Space Complexity: O(M*N) in the worst case. The space is dominated by the queue and the words set.

Code (Python):

from collections import deque
 
class Solution:
    def ladderLength(self, beginWord: str, endWord: str, wordList: List[str]) -> int:
        words = set(wordList)
        q = deque([beginWord])
        ans = 1
        while q:
            ans += 1
            for _ in range(len(q)):
                s = q.popleft()
                s = list(s)
                for i in range(len(s)):
                    ch = s[i]
                    for j in range(26):
                        s[i] = chr(ord('a') + j)
                        t = ''.join(s)
                        if t not in words:
                            continue
                        if t == endWord:
                            return ans
                        q.append(t)
                        words.remove(t)  # Avoid cycles
                    s[i] = ch  # Restore original character
        return 0

Similar implementations exist in Java, C++, Go, and TypeScript, reflecting the same algorithm.

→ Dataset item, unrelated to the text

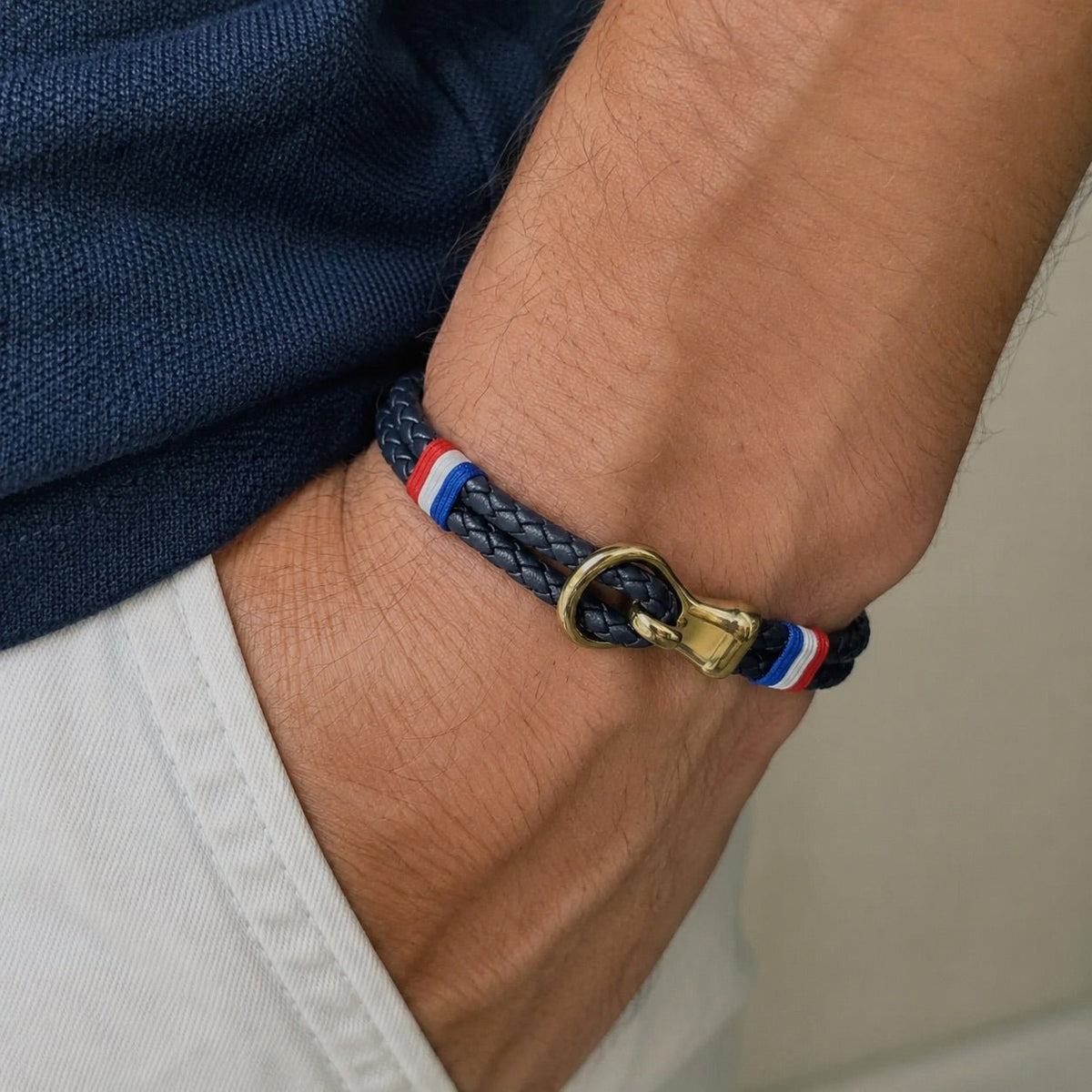 Double braided cord bracelet, stainless steel shackle clasp, French flag design, Oren model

Solution 2: Bidirectional BFS

Bidirectional BFS optimizes the search by running two BFS searches simultaneously—one from beginWord and one from endWord. This reduces the search space, often significantly improving performance.

Algorithm:

  1. Initialization: Two queues, q1 (from beginWord) and q2 (from endWord), are created, along with two maps, m1 and m2, tracking distances from the starting points.

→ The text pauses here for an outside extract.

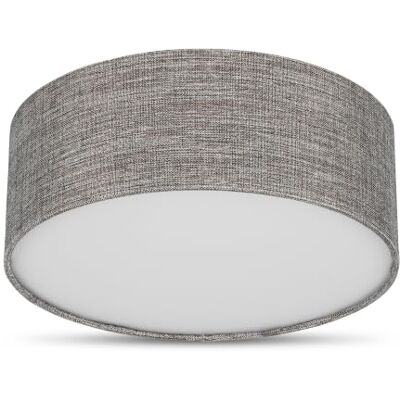 REV Deckenleuchte 30cm, Stoff-Lampenschirm im Vintage Look, braun-silber Stilvoller Leinenstoffschirm inklusive zwei E27 Fassungen ideal für Schlaf- & Wohnräume REV Deckenleuchte 30cm, Stoff-Lampenschirm im Vintage Look, braun-silber Stilvoller Leinenstoffschirm inklusive zwei E27 Fassungen ideal für Schlaf- & Wohnräume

  2. Iteration: The algorithm prioritizes expanding the smaller queue in each iteration. It checks for intersections between the queues. If a word is found in both queues, the shortest path has been found.

  3. Termination: The search ends when either a path is found (intersection) or one of the queues becomes empty (no path).

Time Complexity: O(MN2^L), where M is the length of wordList, N is the length of words, and L is average word length. While still exponential in the worst case, it tends to be significantly faster than unidirectional BFS.

Space Complexity: O(M*N) in the worst case (due to the queues and maps)

Code (Python):

from collections import deque
 
class Solution:
    def ladderLength(self, beginWord: str, endWord: str, wordList: List[str]) -> int:
        words = set(wordList)
        if endWord not in words: return 0  # Optimization: Early exit if endWord isn't in wordList
 
        q1, q2 = deque([beginWord]), deque([endWord])
        m1, m2 = {beginWord: 0}, {endWord: 0}
 
        while q1 and q2:
            if len(q1) <= len(q2):
                res = self._extend(m1, m2, q1, words)
            else:
                res = self._extend(m2, m1, q2, words)
 
            if res != -1:
                return res + 1
        return 0
 
    def _extend(self, m1, m2, q, words):
        for _ in range(len(q)):
            s = q.popleft()
            step = m1[s]
            s_list = list(s)
            for i in range(len(s_list)):
                ch = s_list[i]
                for j in range(26):
                    s_list[i] = chr(ord('a') + j)
                    t = "".join(s_list)
                    if t in m1 or t not in words: continue
                    if t in m2: return step + 1 + m2[t]
                    m1[t] = step + 1
                    q.append(t)
                s_list[i] = ch
        return -1
 

Again, comparable implementations can be written for other languages. The core bidirectional BFS strategy remains consistent. Note that while the worst-case complexity remains high, bidirectional BFS often offers a substantial performance advantage in practice.